Are you considering a debt consolidation loan? Millions of Americans have used this method to combine all their outstanding debt into a single loan. Doing so typically helps to lower monthly interest expenses. Most debt consolidation loans, with their single monthly payment and longer repayment period, are easier for borrowers to manage, too. Dealing with one debt payment, rather than multiple different ones, can make the problem of tackling debt less overwhelming for many.
However, debt consolidation loans are not for everyone. Some borrowers may not be eligible for these types of loans due to a myriad of reasons including insufficient credit.
One of the biggest problems with unsecured debt consolidation loans is that borrowers, who are already heavily in debt, may be deemed bad credit risks. Lenders may be unwilling to provide a debt consolidation loan if you’ve maxed out all credit cards, especially if you’re having trouble making minimum payments.
Borrowers with a major asset to pledge as collateral, such as a home or other real property, may have a better chance of obtaining a debt consolidation loan. However, if you’re facing challenges each month just making ends meet, even that might not be enough. So, if a debt consolidation loan is out of your reach, be prepared to pursue other options to pay off your debts.
For others, actually securing a debt consolidation loan could make their financial situation worse. Even you are eligible for a debt consolidation loan, it still may not be the right choice to reduce high levels of personal debt. Let’s look at three reasons to avoid a debt consolidation loan and help you make the best choice for your finances.
1. You’ll Have Higher interest rates
Even if you can qualify for a debt consolidation loan, you may have to contend with a high interest rate. Lenders tend to set their interest rates based on the amount of risk involved in the loan. Therefore, if you have a low credit score, or are otherwise considered a higher credit risk, you’ll likely pay a much higher interest rate on any debt consolidation loan.
If the interest on the new loan is too high, it’ll take you much longer to pay off the overall debt. A higher rate will also raise your monthly payment as well and may make it even tougher to pay off your debts while still managing your budget. Again, if your credit is suffering, it might be better to consider other options.
2. You Might Miss Other Opportunities
If you opt to obtain a debt consolidation loan, and you actually qualify for a decent one, you’ll likely have a longer repayment period and a lower interest rate on all your outstanding debt. This will make it easier to manage your overall budget, and simpler to track the debt. However, it’ll likely take you much longer to pay off your debt than if you chose to pursue other options, and you may have some lost opportunities because of it.
A large amount of outstanding debt will keep your credit over-extended for a longer period. This will make it difficult to obtain additional credit for other important life purchases, such as buying a house.

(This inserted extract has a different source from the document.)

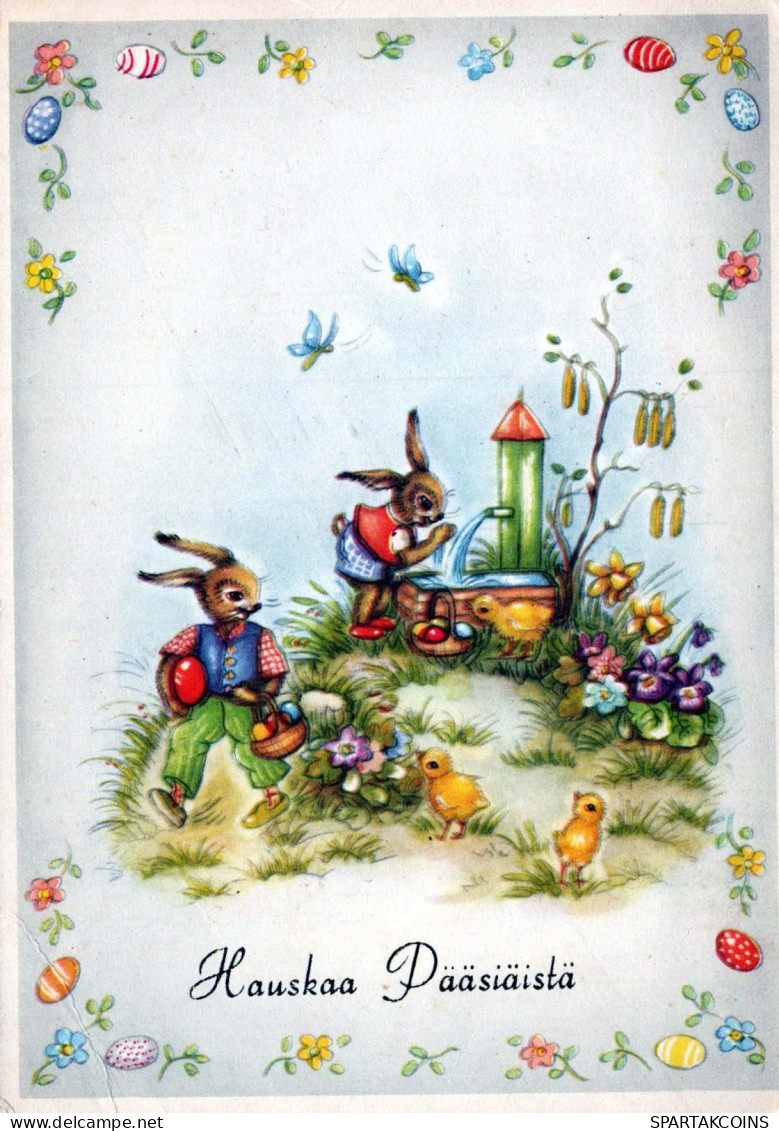 OSTERN KANINCHEN Vintage Ansichtskarte Postkarte CPSM #PBO530.DE - Pâques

It may also make it more challenging to improve your credit score, which could further affect your access to credit. It could also affect potential job opportunities as well. Look ahead a bit before agreeing to a debt consolidation and determine if you’re undermining future opportunities.

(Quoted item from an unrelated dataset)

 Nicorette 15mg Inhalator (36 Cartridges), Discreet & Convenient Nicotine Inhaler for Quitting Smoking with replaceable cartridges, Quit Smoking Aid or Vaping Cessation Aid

3. You’re not sure about your money management skills
How’d you get into debt in the first place? If you don’t know the answer to that question, debt consolidation probably won’t help you solve your problem. You may even get into more debt after you consolidate your current debts. Many people fail to budget their money effectively and rely heavily on debt to get them through each month. In this case, learning more about financial responsibility could be useful.

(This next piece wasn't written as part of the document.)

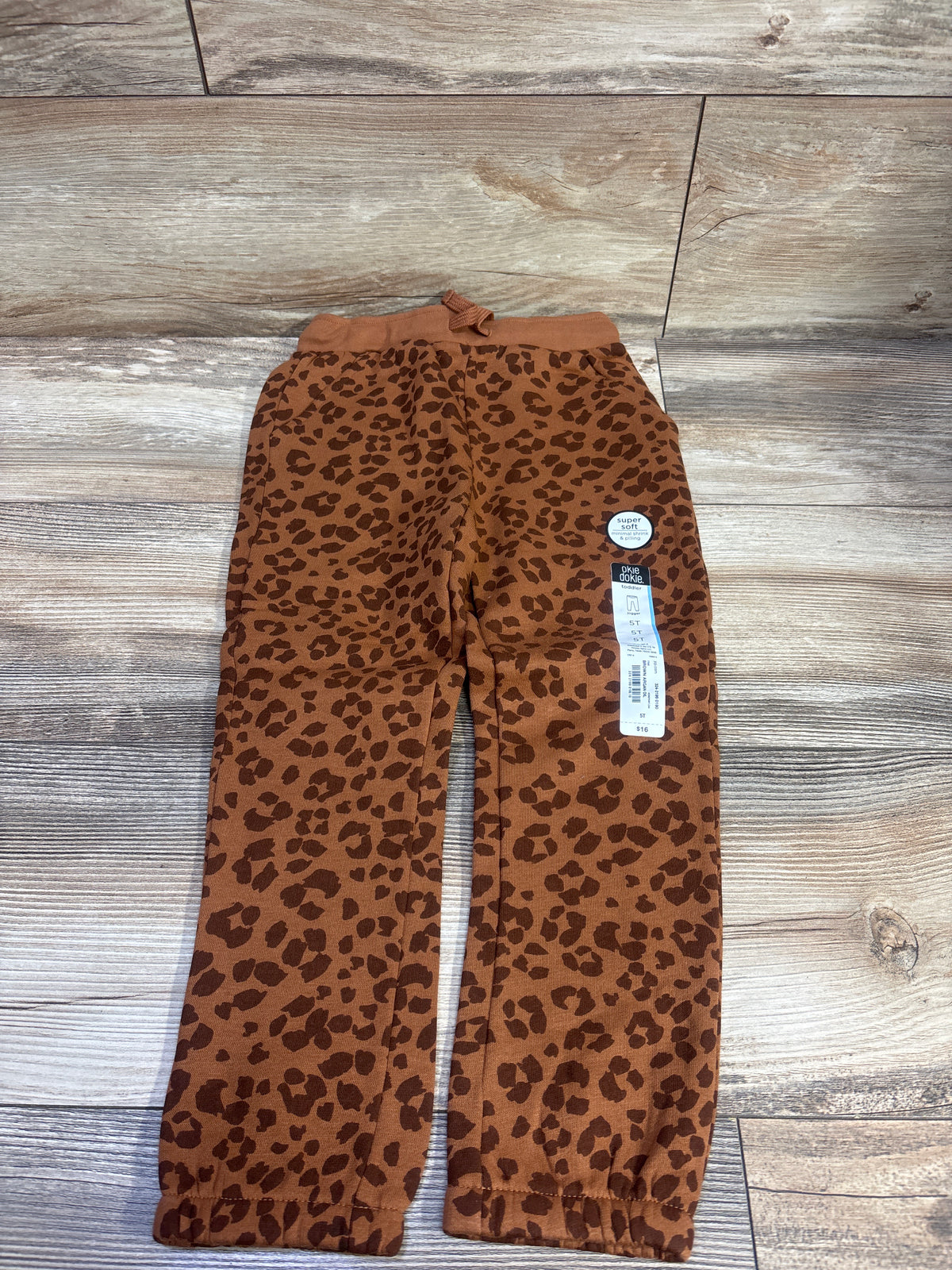 NEW Okie Dokie Leopard Print Joggers Brown sz 5T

However, if you’re in debt due to some type of hardship, it’s important to recognize that as well. While a situation like that can occur at any time, it probably won’t happen again in the near future.
If you haven’t identified the reasons you got in debt in the first place, consolidating your debts likely won’t fix your problems. If you’re in this position, consider other options before you take out a debt consolidation loan.
Consider all your options
While debt consolidation loans are commonly used to address high levels of consumer debt, they are not for everyone. Before you choose a course of action for dealing with personal debt, be sure to consider all your options. You may not even qualify for a debt consolidation loan and, even if you do qualify, it may not be the best way to address your outstanding debt right now. Analyze your situation and seek expert advice to find the debt reduction option that’ll work best for you.